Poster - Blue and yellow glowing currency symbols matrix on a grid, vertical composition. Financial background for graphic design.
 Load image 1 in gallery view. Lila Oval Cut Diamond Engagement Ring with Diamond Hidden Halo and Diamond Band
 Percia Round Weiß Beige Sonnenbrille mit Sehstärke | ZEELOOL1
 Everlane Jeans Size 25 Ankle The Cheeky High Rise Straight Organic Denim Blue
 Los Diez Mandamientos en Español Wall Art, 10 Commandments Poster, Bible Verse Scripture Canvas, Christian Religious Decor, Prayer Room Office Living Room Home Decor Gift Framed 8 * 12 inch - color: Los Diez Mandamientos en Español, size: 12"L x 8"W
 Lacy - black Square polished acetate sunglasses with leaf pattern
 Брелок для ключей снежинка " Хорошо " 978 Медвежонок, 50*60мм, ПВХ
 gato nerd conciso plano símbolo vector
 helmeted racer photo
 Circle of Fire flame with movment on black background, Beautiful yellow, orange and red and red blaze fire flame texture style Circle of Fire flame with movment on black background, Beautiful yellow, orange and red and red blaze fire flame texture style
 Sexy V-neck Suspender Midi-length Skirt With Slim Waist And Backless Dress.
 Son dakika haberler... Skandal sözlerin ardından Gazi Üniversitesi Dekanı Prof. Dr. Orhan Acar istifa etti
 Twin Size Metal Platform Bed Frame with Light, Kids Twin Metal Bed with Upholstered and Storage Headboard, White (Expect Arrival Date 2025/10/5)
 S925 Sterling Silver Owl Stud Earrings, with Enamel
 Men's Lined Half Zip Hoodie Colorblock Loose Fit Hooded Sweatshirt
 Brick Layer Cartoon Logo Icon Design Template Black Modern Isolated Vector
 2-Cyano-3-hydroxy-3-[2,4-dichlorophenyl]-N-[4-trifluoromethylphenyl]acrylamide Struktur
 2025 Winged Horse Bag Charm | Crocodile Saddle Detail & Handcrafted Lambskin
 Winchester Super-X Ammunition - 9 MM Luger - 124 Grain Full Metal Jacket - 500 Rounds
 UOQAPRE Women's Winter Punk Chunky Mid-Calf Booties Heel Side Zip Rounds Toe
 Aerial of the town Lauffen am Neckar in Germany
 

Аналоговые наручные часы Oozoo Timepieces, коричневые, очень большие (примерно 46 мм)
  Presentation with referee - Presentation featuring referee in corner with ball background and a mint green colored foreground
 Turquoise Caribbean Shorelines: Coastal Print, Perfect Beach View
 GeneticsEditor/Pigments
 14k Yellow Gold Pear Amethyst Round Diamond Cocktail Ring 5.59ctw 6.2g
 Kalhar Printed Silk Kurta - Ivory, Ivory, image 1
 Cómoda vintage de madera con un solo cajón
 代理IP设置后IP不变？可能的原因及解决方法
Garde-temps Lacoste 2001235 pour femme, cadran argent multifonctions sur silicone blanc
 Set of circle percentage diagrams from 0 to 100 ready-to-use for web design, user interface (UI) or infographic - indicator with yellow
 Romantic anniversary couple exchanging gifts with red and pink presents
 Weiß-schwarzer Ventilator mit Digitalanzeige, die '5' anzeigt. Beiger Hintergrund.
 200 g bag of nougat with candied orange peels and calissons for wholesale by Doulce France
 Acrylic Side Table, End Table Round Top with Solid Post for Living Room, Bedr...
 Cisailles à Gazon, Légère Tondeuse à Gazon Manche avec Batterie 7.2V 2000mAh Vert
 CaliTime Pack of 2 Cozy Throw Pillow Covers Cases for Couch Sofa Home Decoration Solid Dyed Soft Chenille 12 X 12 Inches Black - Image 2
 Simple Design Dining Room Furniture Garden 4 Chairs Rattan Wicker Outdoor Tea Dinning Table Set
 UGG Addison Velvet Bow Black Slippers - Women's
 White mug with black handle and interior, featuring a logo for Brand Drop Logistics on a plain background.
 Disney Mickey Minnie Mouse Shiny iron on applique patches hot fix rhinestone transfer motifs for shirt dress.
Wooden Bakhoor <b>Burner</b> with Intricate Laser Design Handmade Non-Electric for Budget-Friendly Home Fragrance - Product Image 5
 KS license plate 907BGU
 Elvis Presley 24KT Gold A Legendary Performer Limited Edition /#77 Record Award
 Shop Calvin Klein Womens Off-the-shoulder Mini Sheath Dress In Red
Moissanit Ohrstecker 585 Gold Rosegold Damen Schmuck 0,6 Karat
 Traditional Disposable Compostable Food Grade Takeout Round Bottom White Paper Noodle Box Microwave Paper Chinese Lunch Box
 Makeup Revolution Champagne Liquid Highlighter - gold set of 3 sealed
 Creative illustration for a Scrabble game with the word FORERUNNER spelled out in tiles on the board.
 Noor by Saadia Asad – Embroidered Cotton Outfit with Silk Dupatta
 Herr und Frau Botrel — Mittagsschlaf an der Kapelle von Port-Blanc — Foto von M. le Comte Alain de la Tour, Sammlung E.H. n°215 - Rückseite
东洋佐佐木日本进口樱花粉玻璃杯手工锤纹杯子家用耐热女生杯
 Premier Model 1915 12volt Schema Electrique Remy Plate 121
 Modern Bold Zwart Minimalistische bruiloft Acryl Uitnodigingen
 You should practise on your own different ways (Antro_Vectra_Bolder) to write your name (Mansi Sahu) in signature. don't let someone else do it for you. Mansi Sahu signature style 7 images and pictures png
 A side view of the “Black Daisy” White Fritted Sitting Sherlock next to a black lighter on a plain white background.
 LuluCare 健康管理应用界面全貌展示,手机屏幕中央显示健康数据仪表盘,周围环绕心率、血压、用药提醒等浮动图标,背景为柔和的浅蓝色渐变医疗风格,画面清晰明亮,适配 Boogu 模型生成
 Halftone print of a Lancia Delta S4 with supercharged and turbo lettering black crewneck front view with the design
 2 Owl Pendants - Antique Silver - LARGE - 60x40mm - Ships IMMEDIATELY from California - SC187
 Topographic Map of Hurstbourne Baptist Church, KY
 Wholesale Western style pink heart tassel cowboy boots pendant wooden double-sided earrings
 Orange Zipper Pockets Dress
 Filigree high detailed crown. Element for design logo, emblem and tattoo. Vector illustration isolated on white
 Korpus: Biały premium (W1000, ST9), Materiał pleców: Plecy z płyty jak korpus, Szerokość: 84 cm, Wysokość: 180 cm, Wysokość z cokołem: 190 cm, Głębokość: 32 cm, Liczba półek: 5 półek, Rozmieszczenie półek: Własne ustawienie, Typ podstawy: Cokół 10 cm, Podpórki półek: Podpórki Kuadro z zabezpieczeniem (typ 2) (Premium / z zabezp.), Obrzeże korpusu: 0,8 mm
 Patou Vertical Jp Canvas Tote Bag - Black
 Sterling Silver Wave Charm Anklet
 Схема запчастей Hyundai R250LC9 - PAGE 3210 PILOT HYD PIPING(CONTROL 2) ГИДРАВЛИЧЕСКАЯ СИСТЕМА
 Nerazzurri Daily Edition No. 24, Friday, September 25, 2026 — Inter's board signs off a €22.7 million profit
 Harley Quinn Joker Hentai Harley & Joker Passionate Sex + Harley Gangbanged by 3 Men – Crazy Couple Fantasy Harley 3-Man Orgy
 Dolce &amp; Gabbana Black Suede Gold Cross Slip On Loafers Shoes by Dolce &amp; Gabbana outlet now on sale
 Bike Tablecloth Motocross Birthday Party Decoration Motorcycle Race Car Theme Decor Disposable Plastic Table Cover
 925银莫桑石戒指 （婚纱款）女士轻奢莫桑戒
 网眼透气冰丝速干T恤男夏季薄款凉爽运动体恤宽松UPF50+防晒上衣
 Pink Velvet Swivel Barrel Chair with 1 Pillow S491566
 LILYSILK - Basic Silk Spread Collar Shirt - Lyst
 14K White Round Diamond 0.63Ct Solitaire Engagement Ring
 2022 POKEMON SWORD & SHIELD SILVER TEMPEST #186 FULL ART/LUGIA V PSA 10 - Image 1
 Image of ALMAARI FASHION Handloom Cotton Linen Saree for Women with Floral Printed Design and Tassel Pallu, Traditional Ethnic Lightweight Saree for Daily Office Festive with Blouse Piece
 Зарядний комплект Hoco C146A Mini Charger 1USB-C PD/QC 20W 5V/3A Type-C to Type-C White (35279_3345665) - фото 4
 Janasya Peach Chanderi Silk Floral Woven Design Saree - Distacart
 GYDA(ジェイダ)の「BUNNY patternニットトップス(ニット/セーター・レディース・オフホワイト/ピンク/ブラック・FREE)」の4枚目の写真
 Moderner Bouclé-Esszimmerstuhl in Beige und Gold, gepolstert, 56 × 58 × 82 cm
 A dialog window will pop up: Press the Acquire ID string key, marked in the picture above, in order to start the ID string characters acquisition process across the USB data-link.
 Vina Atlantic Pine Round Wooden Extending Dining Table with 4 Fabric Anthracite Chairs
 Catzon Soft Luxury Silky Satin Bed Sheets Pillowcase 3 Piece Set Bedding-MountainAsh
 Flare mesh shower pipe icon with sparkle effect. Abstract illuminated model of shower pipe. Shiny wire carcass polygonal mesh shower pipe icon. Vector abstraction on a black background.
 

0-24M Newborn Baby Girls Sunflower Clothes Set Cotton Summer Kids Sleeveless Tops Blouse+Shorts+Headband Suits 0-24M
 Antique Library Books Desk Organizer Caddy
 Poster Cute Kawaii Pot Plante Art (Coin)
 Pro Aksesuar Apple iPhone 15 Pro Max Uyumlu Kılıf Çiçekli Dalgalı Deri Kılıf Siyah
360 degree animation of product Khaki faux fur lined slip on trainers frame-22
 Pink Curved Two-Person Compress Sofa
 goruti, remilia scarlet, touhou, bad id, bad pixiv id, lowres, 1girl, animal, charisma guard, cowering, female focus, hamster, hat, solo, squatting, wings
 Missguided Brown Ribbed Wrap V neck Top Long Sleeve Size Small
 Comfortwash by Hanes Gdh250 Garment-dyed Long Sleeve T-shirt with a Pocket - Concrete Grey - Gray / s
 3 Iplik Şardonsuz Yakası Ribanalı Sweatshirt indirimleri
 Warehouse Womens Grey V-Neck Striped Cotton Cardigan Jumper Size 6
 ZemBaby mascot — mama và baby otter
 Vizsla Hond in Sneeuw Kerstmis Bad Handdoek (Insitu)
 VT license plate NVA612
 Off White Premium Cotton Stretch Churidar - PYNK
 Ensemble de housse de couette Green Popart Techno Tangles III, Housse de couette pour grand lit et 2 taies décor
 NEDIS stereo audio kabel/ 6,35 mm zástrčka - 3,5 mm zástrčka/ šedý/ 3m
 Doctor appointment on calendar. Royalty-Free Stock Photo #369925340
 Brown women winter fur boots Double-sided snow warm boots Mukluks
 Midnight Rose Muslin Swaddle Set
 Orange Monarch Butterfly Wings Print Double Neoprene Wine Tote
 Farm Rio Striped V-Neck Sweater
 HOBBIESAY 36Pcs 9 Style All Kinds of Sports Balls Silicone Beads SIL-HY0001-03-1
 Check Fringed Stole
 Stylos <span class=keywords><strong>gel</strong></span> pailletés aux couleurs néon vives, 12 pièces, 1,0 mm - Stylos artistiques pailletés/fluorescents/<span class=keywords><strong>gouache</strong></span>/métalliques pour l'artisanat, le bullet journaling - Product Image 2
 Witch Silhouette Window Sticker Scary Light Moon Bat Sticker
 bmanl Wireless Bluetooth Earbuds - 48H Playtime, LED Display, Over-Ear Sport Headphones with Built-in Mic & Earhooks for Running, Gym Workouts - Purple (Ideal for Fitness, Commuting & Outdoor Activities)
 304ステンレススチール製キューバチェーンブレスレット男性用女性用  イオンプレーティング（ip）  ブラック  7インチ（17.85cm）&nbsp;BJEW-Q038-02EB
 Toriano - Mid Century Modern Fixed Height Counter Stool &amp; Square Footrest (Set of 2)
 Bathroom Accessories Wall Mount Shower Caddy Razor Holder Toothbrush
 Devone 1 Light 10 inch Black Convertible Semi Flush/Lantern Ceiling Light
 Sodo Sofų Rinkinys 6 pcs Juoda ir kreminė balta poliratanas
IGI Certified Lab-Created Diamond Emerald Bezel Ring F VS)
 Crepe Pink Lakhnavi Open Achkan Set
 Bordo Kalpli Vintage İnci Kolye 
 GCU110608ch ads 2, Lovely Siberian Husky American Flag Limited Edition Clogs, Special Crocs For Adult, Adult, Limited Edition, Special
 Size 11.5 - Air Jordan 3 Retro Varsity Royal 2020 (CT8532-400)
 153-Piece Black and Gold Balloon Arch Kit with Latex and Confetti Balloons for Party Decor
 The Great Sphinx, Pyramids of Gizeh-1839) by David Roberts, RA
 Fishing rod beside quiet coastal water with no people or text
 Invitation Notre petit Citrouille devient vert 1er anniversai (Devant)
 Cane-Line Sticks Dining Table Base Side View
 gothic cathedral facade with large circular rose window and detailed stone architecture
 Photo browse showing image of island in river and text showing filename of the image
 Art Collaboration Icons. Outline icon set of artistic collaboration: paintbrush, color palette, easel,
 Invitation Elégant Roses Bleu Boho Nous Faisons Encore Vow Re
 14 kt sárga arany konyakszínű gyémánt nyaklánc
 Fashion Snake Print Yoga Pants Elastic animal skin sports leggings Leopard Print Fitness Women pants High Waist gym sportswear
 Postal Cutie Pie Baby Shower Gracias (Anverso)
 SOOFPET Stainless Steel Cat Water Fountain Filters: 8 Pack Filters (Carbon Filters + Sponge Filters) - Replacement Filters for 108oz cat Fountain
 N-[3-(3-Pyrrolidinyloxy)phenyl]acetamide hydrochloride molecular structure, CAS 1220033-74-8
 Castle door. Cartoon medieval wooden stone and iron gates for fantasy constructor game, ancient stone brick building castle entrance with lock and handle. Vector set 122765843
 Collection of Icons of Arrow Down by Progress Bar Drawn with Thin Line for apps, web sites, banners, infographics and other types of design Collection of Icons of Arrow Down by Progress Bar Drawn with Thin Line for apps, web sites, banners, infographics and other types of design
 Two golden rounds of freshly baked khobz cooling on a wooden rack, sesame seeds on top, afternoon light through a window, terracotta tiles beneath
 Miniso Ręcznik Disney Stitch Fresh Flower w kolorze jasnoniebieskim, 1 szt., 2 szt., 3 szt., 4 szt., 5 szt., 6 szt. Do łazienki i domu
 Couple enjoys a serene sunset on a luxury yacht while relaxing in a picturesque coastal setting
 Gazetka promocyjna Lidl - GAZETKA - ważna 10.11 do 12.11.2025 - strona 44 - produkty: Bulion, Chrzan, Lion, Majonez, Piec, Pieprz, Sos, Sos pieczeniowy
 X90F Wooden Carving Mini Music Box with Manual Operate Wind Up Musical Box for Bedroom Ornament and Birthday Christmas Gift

Exercise prompt — Lines from the start of the entries through the one containing "Everlane Jeans Size" are to be set down again exactly, both ends included.

Response to the exercise —
Poster - Blue and yellow glowing currency symbols matrix on a grid, vertical composition. Financial background for graphic design.
 Load image 1 in gallery view. Lila Oval Cut Diamond Engagement Ring with Diamond Hidden Halo and Diamond Band
 Percia Round Weiß Beige Sonnenbrille mit Sehstärke | ZEELOOL1
 Everlane Jeans Size 25 Ankle The Cheeky High Rise Straight Organic Denim Blue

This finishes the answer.